Task details => Each entry, from beginning to end, is to be transcribed verbatim.

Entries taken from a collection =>
══════════

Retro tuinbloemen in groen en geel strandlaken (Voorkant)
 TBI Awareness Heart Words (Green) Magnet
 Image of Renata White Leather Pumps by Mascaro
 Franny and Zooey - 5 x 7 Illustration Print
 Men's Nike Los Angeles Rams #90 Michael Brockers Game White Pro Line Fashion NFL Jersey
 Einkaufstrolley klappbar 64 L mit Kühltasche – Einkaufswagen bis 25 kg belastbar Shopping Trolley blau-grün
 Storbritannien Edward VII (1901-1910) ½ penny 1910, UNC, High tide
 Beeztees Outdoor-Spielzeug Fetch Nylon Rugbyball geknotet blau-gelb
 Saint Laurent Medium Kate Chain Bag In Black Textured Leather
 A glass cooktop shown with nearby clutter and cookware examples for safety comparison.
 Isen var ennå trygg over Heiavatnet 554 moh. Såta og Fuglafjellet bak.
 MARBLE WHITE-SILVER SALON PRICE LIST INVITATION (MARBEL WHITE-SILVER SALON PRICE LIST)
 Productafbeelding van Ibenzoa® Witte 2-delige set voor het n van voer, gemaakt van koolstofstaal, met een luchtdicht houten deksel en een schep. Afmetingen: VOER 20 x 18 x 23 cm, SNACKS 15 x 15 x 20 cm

══════════

Exercise solution =>
Retro tuinbloemen in groen en geel strandlaken (Voorkant)
 TBI Awareness Heart Words (Green) Magnet
 Image of Renata White Leather Pumps by Mascaro
 Franny and Zooey - 5 x 7 Illustration Print
 Men's Nike Los Angeles Rams #90 Michael Brockers Game White Pro Line Fashion NFL Jersey
 Einkaufstrolley klappbar 64 L mit Kühltasche – Einkaufswagen bis 25 kg belastbar Shopping Trolley blau-grün
 Storbritannien Edward VII (1901-1910) ½ penny 1910, UNC, High tide
 Beeztees Outdoor-Spielzeug Fetch Nylon Rugbyball geknotet blau-gelb
 Saint Laurent Medium Kate Chain Bag In Black Textured Leather
 A glass cooktop shown with nearby clutter and cookware examples for safety comparison.
 Isen var ennå trygg over Heiavatnet 554 moh. Såta og Fuglafjellet bak.
 MARBLE WHITE-SILVER SALON PRICE LIST INVITATION (MARBEL WHITE-SILVER SALON PRICE LIST)
 Productafbeelding van Ibenzoa® Witte 2-delige set voor het n van voer, gemaakt van koolstofstaal, met een luchtdicht houten deksel en een schep. Afmetingen: VOER 20 x 18 x 23 cm, SNACKS 15 x 15 x 20 cm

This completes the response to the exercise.